## PROBLEM DESCRIPTION
Omit all pictures, then retype the data exactly as given.

## SUPPLIED MATERIAL
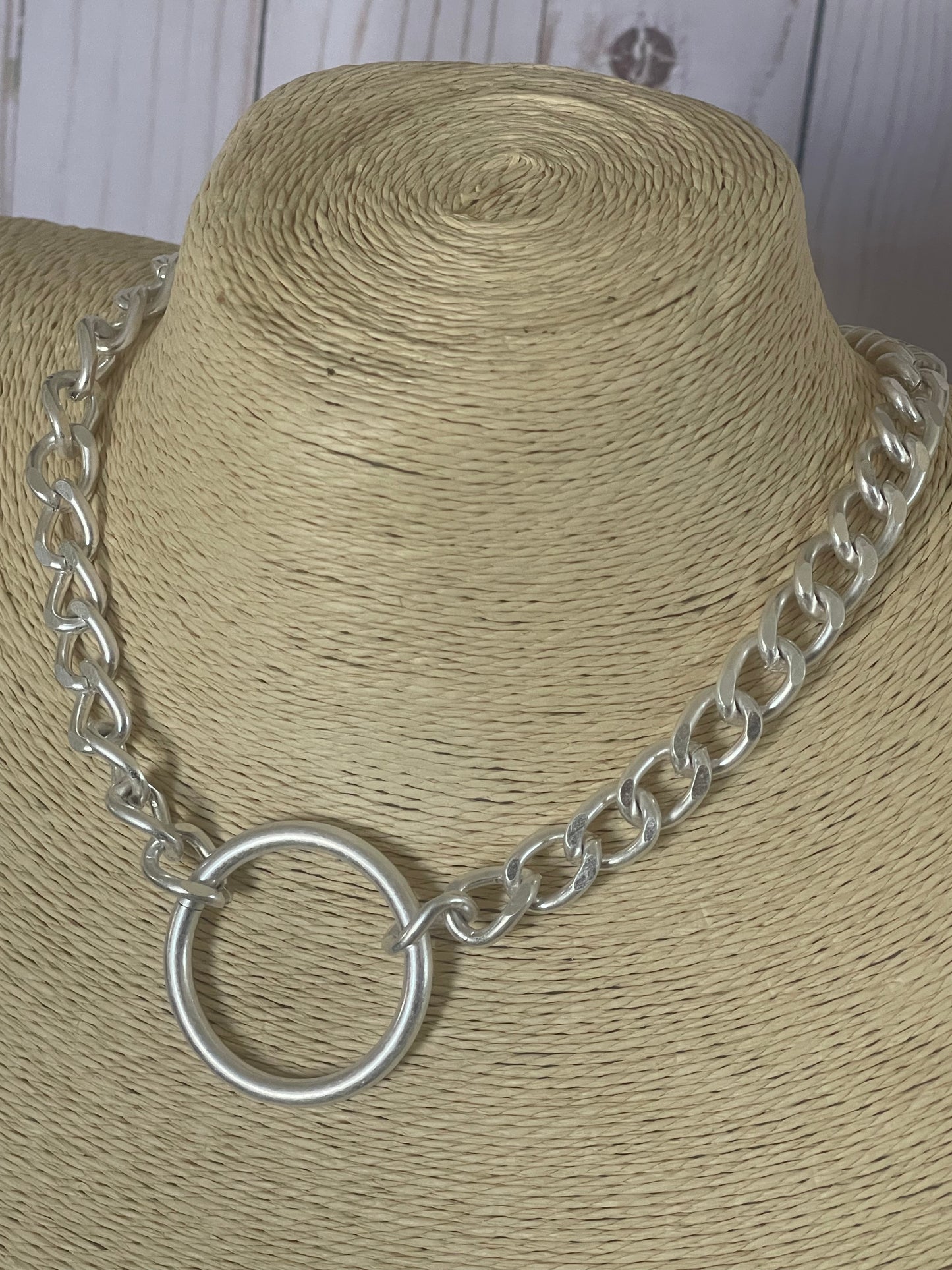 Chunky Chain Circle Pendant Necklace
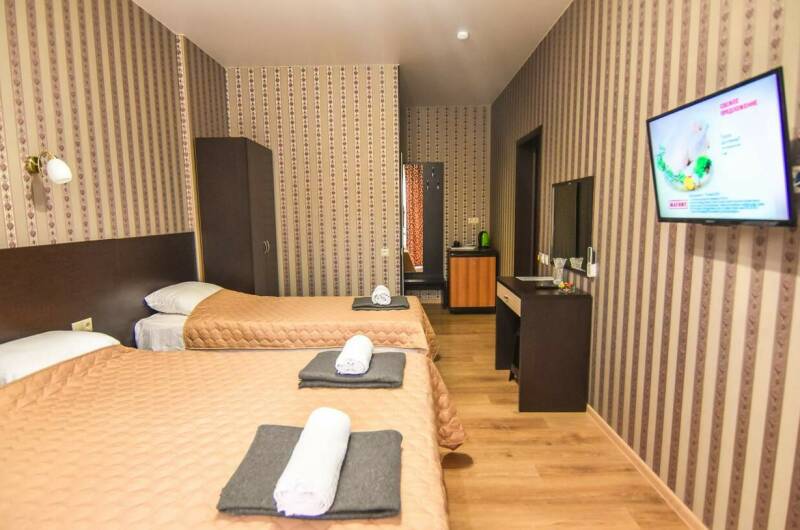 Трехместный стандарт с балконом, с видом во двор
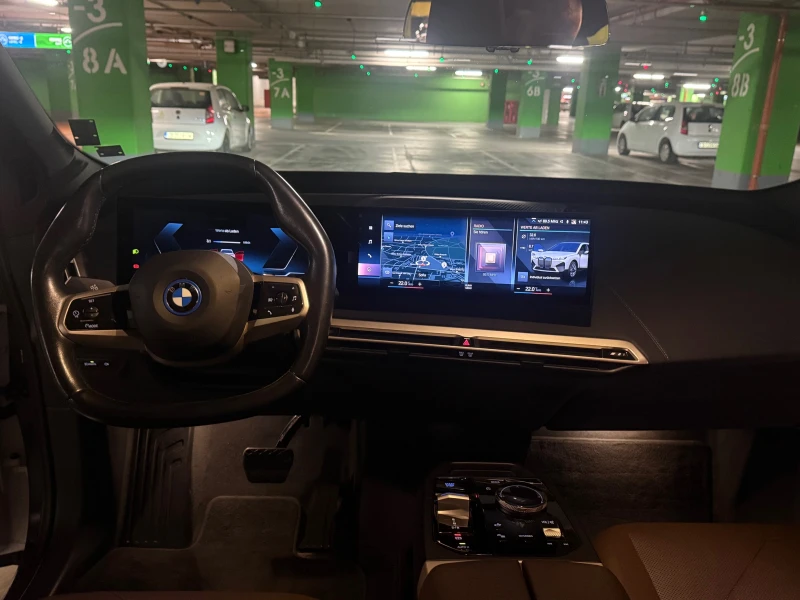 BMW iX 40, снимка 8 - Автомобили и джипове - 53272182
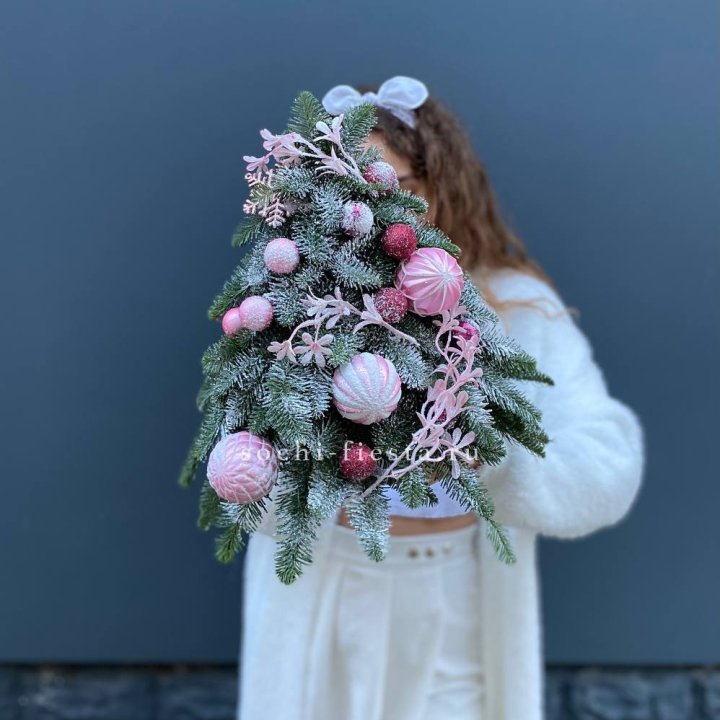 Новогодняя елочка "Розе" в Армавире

## ANSWER TO THIS PROBLEM
 Chunky Chain Circle Pendant Necklace
 Трехместный стандарт с балконом, с видом во двор
 BMW iX 40, снимка 8 - Автомобили и джипове - 53272182
 Новогодняя елочка "Розе" в Армавире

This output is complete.